Input -

Content starts

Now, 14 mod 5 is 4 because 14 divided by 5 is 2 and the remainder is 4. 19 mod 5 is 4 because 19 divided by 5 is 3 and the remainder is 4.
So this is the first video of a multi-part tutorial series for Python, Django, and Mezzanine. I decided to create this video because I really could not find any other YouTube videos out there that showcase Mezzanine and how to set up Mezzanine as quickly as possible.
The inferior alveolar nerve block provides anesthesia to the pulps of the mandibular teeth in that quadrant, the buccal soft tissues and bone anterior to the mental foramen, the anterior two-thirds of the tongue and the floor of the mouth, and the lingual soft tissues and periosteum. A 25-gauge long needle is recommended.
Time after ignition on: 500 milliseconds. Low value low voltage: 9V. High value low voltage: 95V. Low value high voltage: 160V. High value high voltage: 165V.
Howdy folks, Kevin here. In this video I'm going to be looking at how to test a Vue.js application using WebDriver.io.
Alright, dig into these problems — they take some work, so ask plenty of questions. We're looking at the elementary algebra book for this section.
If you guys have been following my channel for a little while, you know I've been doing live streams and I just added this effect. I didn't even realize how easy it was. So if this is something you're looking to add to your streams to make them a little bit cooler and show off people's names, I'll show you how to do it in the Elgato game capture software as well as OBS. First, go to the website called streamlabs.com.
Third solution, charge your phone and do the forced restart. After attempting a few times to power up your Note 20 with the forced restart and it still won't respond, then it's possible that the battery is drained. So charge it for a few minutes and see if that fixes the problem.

Content ends
Content starts

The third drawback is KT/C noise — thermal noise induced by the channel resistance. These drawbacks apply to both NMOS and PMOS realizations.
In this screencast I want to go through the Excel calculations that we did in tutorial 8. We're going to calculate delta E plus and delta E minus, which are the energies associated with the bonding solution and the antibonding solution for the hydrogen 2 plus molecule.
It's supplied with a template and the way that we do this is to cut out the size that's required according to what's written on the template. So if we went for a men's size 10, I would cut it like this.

Content ends
Content starts

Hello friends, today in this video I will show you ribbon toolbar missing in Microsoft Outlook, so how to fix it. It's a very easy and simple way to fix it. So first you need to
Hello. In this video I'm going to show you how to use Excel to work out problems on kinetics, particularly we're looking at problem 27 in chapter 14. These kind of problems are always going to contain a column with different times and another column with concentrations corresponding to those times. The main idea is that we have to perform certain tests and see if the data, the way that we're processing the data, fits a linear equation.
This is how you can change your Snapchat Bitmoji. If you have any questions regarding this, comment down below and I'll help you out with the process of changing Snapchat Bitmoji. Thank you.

Content ends

What the exercise asks -
Look through the entries above, find each line containing "Hello", and copy it.

Result for this task -
Hello friends, today in this video I will show you ribbon toolbar missing in Microsoft Outlook, so how to fix it. It's a very easy and simple way to fix it. So first you need to
Hello. In this video I'm going to show you how to use Excel to work out problems on kinetics, particularly we're looking at problem 27 in chapter 14. These kind of problems are always going to contain a column with different times and another column with concentrations corresponding to those times. The main idea is that we have to perform certain tests and see if the data, the way that we're processing the data, fits a linear equation.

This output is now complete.